4) If you really want to stop taking buprenorphine, do so gradually and with the help of an experienced doctor. If you start to experience cravings, preoccupation and/or withdrawal while tapering, it strongly suggests that you should stay on opioid maintenance, perhaps with a dose adjustment or change to a different medication. Unfortunately, if you stop opioid maintenance therapy, your chances of recurrence are > 90%. All the best.
Mark Willenbring, MD, is an internationally recognized addiction psychiatrist who is a leader in implementing new research findings into treatment for substance use disorders. Full bio.
Dr. Anna Lembke: I occasionally hear this complaint of feeling "dulled" or lacking in "personality" from patients on Suboxone, as well as patients on antidepressants. However, it’s difficult to tease out whether the patient’s personality is altered due to the medication, or whether their life without the drama of doing drugs is simply different than the life they knew before. One of the hardest aspects of recovery is learning to grapple with the ordinariness of everyday life. The best way to differentiate which is which, is to decrease the dose of Suboxone by a very small amount and wait at least one month for the brain to readapt. After one month at the lower dose, the patient and health care provider should reevaluate. If "the spark" seems to have come back a little, and the craving has not returned, then perhaps it makes sense to stay at that lower dose, or even try lowering further. In any case, it’s always important to weigh the risks and benefits of any drug, and not be afraid to discuss this with your doctor.
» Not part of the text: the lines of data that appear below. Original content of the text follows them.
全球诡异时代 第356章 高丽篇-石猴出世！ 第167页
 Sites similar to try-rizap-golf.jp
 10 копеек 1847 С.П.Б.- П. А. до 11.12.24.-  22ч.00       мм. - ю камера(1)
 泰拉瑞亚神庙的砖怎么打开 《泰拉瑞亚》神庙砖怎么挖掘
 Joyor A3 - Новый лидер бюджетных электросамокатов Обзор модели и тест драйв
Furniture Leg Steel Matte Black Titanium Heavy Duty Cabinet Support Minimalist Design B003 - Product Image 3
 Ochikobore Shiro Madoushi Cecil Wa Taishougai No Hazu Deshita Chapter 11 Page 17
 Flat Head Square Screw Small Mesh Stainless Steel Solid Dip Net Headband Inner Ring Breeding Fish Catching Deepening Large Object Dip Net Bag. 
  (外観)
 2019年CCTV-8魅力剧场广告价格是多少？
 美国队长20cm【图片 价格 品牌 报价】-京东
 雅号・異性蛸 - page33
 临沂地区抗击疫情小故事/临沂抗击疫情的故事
As for the best way to get off of Suboxone? The answer for most people is—slowly. I’m disappointed to hear that you’ve not met anyone who has had a "good experience" on Suboxone. Let me say that I have seen many patients over many years whose lives have been transformed in a positive way with Suboxone treatment. There is no treatment that works for every patient, but decades of accumulated evidence show that Suboxone is a lifesaving treatment for many, can improve not just drug use but also overall quality of life, and reduces the transmission of deadly diseases like HIV (see Strang et al., Lancet, 2012).
Anna Lembke, MD, is the program director for the Stanford Addiction Medicine Program and Chief of the Stanford Addiction Medicine Dual Diagnosis Clinic. Full bio.
Dr. Adam Bisaga: It looks like you feel that the benefits of living in abstinence from opioids with the help of buprenorphine is significantly dulled by the experience of losing the “spark” and feeling unwell, overall. In my clinical experience, and from the experience of many addiction treatment doctors that I talk to frequently, this is not a common occurrence. Most patients that remain on buprenorphine, and are completely abstinent from opioids and other substances, report a significant improvement in their mood (no anxiety or depressive symptoms), and have increased motivation and enjoyment of life’s attractions.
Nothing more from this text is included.